== PROBLEM DESCRIPTION ==
Write down, unchanged, the entries from the first line through the line holding "1500ML Stainless Steel". Include no other line.

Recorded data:

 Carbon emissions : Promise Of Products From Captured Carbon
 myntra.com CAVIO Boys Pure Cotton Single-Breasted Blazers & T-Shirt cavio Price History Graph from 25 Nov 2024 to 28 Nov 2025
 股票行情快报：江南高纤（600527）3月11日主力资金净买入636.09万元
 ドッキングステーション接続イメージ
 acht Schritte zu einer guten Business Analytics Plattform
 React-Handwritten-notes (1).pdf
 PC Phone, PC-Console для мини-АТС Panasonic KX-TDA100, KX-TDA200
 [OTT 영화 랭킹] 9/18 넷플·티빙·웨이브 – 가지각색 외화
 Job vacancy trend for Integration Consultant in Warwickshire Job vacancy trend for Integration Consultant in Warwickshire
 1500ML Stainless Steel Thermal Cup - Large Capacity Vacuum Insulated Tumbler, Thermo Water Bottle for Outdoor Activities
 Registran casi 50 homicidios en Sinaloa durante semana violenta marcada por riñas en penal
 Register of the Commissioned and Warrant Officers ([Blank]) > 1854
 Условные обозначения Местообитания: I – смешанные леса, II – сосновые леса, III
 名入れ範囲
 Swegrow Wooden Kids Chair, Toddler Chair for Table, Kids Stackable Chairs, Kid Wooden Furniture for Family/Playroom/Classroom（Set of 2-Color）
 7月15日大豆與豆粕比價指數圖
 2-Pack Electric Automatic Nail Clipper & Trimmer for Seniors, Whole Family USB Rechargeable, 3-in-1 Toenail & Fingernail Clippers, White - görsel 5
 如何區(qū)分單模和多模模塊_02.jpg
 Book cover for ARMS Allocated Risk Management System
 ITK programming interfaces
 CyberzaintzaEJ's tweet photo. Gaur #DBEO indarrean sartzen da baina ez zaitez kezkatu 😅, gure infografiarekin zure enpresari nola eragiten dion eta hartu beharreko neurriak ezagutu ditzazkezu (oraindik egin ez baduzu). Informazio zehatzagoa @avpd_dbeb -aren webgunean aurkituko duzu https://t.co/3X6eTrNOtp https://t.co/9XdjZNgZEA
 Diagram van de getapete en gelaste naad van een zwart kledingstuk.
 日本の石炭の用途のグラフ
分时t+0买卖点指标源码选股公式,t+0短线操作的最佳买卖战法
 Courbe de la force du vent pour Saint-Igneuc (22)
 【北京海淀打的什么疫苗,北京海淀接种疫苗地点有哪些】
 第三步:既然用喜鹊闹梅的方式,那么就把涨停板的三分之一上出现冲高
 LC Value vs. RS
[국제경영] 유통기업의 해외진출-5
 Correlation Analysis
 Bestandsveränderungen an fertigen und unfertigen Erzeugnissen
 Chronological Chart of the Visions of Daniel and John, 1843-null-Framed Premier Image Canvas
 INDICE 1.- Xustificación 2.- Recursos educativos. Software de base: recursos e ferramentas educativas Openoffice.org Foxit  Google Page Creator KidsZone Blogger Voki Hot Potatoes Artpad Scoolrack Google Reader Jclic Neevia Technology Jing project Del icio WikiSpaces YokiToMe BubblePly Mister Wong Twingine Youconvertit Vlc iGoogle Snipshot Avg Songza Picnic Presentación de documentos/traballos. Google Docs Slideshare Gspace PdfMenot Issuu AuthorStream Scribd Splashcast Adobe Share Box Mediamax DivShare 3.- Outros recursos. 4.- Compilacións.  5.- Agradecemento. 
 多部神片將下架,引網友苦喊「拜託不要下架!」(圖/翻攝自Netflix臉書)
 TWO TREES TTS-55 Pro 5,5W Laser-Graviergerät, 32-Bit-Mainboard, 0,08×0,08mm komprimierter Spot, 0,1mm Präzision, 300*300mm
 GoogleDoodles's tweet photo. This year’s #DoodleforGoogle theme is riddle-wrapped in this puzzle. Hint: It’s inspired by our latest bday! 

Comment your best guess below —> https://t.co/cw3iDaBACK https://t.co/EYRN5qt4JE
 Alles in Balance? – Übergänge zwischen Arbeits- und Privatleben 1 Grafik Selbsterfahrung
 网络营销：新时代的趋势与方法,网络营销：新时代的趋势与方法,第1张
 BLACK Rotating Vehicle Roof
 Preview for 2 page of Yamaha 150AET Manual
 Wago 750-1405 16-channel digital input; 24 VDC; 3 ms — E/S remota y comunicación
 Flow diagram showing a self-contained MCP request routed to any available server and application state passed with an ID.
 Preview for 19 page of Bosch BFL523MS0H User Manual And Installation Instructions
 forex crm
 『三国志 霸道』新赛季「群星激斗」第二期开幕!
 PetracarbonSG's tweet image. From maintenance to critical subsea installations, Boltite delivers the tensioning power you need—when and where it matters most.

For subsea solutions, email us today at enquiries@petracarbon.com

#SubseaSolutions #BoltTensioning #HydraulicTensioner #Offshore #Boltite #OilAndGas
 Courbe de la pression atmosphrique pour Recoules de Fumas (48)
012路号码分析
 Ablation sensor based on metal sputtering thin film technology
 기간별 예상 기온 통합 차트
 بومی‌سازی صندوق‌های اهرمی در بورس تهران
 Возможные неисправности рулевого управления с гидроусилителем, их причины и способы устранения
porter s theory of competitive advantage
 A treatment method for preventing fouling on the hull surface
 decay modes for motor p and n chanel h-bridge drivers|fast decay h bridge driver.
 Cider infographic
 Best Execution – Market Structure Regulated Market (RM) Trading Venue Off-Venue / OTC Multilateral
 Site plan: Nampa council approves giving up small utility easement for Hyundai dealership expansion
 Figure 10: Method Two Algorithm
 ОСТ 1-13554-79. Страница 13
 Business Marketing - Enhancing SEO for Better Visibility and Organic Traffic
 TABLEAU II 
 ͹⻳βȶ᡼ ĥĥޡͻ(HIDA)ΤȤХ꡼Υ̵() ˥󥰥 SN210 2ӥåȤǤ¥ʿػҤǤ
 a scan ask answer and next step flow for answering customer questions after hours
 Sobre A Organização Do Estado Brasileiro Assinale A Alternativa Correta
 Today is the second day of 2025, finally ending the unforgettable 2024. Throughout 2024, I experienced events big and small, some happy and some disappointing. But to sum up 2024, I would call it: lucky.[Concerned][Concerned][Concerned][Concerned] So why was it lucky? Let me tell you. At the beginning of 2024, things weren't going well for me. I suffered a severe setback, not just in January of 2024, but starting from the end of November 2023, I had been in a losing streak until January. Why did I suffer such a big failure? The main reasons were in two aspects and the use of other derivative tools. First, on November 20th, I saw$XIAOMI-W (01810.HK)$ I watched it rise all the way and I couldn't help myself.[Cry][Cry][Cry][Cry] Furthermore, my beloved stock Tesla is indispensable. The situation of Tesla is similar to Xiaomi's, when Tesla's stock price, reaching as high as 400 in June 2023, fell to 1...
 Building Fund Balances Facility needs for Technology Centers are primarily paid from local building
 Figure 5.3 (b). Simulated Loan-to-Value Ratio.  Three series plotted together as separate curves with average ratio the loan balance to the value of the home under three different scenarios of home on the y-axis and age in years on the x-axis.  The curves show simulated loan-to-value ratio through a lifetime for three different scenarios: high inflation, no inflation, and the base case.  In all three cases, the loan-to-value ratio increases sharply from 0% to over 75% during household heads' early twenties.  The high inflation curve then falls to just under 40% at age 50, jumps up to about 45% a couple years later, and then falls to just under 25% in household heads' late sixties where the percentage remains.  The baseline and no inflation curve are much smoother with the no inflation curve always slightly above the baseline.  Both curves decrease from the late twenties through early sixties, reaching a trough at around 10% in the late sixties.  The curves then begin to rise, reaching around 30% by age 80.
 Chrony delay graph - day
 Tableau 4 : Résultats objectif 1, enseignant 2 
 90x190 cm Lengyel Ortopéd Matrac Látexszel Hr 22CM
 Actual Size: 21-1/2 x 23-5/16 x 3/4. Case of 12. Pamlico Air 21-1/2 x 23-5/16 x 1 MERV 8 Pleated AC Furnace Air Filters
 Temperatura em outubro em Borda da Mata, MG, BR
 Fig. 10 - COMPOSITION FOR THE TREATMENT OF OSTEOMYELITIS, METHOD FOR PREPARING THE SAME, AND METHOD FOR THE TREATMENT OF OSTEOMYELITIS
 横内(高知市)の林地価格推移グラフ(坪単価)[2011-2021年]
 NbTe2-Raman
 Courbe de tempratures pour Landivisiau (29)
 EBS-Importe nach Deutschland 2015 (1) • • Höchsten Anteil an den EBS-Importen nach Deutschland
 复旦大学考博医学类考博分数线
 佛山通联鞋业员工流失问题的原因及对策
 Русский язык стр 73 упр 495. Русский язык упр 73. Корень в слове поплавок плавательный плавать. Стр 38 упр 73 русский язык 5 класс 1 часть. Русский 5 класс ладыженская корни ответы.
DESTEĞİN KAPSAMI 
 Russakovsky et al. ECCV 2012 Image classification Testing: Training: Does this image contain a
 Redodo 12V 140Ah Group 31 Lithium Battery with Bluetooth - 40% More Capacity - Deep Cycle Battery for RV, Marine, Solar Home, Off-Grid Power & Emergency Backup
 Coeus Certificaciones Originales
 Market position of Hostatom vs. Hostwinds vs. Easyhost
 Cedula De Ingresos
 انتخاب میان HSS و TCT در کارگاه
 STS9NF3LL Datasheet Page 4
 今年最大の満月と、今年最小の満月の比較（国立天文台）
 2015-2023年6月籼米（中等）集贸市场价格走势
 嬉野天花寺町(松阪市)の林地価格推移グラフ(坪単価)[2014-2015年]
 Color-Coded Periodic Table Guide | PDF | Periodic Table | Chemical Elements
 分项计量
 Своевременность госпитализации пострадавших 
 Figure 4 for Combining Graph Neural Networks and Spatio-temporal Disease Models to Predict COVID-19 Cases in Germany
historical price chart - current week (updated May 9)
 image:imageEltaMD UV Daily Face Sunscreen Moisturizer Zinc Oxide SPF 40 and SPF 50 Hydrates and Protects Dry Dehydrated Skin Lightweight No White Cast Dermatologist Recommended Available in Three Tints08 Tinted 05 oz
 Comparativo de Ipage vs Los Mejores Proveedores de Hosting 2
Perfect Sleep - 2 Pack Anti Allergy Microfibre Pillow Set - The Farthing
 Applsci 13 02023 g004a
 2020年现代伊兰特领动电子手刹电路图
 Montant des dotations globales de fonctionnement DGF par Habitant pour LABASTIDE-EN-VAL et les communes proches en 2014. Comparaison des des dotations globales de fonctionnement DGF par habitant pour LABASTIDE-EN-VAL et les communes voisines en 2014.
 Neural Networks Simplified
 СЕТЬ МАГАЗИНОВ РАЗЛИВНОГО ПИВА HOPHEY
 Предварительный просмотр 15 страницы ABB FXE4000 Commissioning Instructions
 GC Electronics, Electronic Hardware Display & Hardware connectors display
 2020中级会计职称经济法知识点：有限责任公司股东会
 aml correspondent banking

== REPLY TO THE TASK ==
 Carbon emissions : Promise Of Products From Captured Carbon
 myntra.com CAVIO Boys Pure Cotton Single-Breasted Blazers & T-Shirt cavio Price History Graph from 25 Nov 2024 to 28 Nov 2025
 股票行情快报：江南高纤（600527）3月11日主力资金净买入636.09万元
 ドッキングステーション接続イメージ
 acht Schritte zu einer guten Business Analytics Plattform
 React-Handwritten-notes (1).pdf
 PC Phone, PC-Console для мини-АТС Panasonic KX-TDA100, KX-TDA200
 [OTT 영화 랭킹] 9/18 넷플·티빙·웨이브 – 가지각색 외화
 Job vacancy trend for Integration Consultant in Warwickshire Job vacancy trend for Integration Consultant in Warwickshire
 1500ML Stainless Steel Thermal Cup - Large Capacity Vacuum Insulated Tumbler, Thermo Water Bottle for Outdoor Activities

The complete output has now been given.